I saw a few on Etsy that were cute, but they weren’t big enough and also since I’m cheap, I didn’t want to pay for them when I knew I could make one.
I scoured Pinterest and pinned several different things that would help me do what I wanted to do, but they weren’t all in one place, so I thought I would write this post in case someone wants to make one on a budget and without any fancy machines.
The first step was to get some wood. A friend of mine gave me a tip to check local nurseries (you can also check construction areas where they are building new homes or Craigslist). So the next day I was driving by the one by my house and lo and behold, a shipping pallet was just sitting in their trash pile! I walked in and asked if I could have it. They reluctantly said yes, but did not offer to help me load it. (I guess I can’t really complain though since it’s free??) Anyway pallets are deceptively heavy, but I managed to get it loaded into the back of my SUV by myself. Also, if you can’t find any pallets for free, the guy at Lowe’s told me they sell them for $10.
Next, I needed the pallet broken apart WITHOUT breaking any of the wood. I tried a little and it didn’t budge, so that’s where the husband came in. It was pretty tough since pallets aren’t made to come apart (I found out), but he got it done!
I sanded the pieces down (by hand), but not much because I wanted that distressed look. Next, I stained all of the pieces I wanted to use. I ended up using seven boards. For the stain, I used Minwax Dark Walnut. They aren’t kidding when they say dark. But our hardwood floors are REALLY dark, so I wanted it to go with them. After I brushed on the stain, I wiped it off with an old cloth. Then to lighten it up even more, I sanded it lightly when the stain dried.
Now I needed to get them to all the stay together. Rustin rounded up some spare wood for me and I thought I would just nail it to the back.
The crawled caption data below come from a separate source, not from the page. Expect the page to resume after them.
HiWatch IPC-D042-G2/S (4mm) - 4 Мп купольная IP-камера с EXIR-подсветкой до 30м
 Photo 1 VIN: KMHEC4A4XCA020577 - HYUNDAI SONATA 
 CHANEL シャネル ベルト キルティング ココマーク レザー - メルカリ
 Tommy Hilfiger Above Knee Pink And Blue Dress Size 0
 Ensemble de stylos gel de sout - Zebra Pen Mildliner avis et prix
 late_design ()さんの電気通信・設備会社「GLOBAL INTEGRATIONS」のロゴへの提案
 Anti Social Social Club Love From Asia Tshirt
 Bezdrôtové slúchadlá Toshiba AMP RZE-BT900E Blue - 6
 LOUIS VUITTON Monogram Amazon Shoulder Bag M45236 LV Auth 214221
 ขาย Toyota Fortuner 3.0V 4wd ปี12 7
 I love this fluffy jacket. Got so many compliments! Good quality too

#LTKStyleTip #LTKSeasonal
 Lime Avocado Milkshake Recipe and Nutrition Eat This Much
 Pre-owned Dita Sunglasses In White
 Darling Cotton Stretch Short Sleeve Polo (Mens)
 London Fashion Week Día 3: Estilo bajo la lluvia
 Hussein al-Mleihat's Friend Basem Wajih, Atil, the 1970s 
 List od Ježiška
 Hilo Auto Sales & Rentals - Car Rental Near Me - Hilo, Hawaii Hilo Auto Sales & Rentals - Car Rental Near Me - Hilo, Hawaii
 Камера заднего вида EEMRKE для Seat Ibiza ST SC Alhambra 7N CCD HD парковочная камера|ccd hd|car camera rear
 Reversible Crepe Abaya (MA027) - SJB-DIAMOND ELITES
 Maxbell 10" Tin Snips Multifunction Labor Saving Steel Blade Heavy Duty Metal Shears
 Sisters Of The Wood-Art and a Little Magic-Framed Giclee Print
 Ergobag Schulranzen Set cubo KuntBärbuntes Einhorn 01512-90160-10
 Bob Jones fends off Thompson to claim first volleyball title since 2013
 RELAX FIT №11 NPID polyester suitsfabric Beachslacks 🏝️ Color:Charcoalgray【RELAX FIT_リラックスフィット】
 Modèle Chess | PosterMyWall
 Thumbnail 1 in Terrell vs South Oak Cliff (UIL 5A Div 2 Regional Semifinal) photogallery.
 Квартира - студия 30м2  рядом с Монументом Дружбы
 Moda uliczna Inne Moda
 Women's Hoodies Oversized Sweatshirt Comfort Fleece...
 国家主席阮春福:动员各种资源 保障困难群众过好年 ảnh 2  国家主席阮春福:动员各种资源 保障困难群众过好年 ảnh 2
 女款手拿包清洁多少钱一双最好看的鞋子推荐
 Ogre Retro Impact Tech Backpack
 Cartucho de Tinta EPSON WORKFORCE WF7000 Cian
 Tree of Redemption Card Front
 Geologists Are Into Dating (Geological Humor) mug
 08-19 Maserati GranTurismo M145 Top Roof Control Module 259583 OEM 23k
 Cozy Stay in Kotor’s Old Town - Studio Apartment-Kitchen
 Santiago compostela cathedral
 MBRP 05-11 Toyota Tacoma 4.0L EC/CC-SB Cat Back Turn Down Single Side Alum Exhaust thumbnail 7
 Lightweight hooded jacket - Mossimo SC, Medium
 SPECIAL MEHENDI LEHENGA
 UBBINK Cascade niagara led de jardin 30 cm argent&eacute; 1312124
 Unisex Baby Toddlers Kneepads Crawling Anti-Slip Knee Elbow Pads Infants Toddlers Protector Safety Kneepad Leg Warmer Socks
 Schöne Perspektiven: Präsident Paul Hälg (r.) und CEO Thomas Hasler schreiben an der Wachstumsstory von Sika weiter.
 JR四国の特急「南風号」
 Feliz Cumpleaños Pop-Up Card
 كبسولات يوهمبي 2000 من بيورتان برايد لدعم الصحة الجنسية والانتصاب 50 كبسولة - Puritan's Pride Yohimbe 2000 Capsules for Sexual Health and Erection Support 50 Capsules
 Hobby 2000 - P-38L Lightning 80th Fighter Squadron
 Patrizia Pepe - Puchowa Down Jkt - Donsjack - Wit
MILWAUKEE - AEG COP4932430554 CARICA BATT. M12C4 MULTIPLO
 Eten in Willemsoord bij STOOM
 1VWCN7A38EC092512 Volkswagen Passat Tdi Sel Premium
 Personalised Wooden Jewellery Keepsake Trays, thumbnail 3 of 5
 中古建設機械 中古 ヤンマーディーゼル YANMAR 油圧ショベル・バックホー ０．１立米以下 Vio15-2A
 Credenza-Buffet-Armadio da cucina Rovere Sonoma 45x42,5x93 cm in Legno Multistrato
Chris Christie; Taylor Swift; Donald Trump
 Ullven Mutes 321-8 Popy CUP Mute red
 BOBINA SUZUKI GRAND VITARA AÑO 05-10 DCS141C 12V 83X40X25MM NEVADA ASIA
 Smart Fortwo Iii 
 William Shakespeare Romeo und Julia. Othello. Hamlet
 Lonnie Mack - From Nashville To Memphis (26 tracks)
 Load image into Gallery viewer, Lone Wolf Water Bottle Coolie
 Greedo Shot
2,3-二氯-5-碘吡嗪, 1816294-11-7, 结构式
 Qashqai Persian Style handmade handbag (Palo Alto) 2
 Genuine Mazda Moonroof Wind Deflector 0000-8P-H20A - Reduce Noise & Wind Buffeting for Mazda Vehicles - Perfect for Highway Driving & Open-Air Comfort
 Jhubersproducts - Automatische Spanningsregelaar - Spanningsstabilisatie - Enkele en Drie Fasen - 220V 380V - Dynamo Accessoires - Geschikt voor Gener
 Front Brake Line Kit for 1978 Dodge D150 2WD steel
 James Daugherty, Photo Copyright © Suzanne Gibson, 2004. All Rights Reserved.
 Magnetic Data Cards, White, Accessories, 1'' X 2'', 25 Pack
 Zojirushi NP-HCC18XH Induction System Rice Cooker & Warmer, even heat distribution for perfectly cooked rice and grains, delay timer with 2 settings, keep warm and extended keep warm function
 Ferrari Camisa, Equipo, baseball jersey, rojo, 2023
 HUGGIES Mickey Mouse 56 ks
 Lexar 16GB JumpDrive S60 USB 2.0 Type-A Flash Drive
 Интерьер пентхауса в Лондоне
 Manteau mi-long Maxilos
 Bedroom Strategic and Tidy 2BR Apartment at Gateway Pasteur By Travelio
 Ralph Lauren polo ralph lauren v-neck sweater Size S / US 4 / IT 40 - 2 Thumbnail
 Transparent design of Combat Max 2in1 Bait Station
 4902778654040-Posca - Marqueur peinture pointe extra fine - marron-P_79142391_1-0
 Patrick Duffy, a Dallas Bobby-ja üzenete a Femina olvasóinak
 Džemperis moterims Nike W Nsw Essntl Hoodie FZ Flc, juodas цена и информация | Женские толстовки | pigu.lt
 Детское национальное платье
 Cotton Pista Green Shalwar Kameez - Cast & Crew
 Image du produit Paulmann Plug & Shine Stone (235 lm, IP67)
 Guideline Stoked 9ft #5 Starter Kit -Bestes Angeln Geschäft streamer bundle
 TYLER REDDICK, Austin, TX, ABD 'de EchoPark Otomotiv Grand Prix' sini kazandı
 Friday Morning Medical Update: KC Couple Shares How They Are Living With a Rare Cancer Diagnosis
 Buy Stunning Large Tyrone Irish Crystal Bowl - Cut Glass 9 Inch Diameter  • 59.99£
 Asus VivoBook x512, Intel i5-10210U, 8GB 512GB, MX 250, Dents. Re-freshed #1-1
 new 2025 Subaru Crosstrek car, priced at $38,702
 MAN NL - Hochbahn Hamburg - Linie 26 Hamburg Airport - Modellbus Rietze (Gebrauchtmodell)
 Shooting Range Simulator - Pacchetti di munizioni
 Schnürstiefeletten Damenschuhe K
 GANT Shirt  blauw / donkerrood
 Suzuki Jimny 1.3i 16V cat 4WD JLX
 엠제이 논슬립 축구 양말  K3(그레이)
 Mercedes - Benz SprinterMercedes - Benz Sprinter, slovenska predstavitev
Well I didn’t get small enough nails and they went through the front, so I just decided to do wood glue. (There is a picture of the back when I show how I attached the D-rings to hang it.)
And the part that was stressing me out the most – the lettering. I have the handwriting of a 3rd grader, so free-handing was not an option. I could have went out and bought a Cricut or Silhouette, but spending an extra $200 would have really blown the idea of doing a “thrifty” project. Luckily I found this tutorial and it worked perfectly! So I just figured out the size font I wanted, printed it out, cut the letters out, scribbled chalk on the back and traced over each letter with a pencil. Then it left the chalk line and I could paint it from there. (She goes into more detail in the tutorial.) You can tell my lettering isn’t perfect, but hey, it’s handmade.
About the verse – it is from a favorite hymn of mine – Come, Thou Fount of Every Blessing. Rustin and I went back and forth on what to write. (It was comparable to what we went through when we were naming our CHILD.) We thought about a Bible verse, but for some reason I really wanted a line from a hymn. It’s funny that it’s musical and I don’t have a musical bone in my body – pretty sure my singing can break glass – but I love music! Every time I see the sign, I start singing that hymn. And did anyone notice the typo?? Oops! For years I thought it was “sing thy praise.” I found out it was “grace” a couple of years ago, but I guess old habits die hard. Luckily I caught it before I painted it!
Then I just hung it using two D-rings and picture wire.
So the cost breakdown was:
Pallet – free
Paint – already had
Stain – about $7
Chalk – 77 cents
D-Rings – about $3
So the total was about $11 for a 26″ x 40″ personalized wood sign.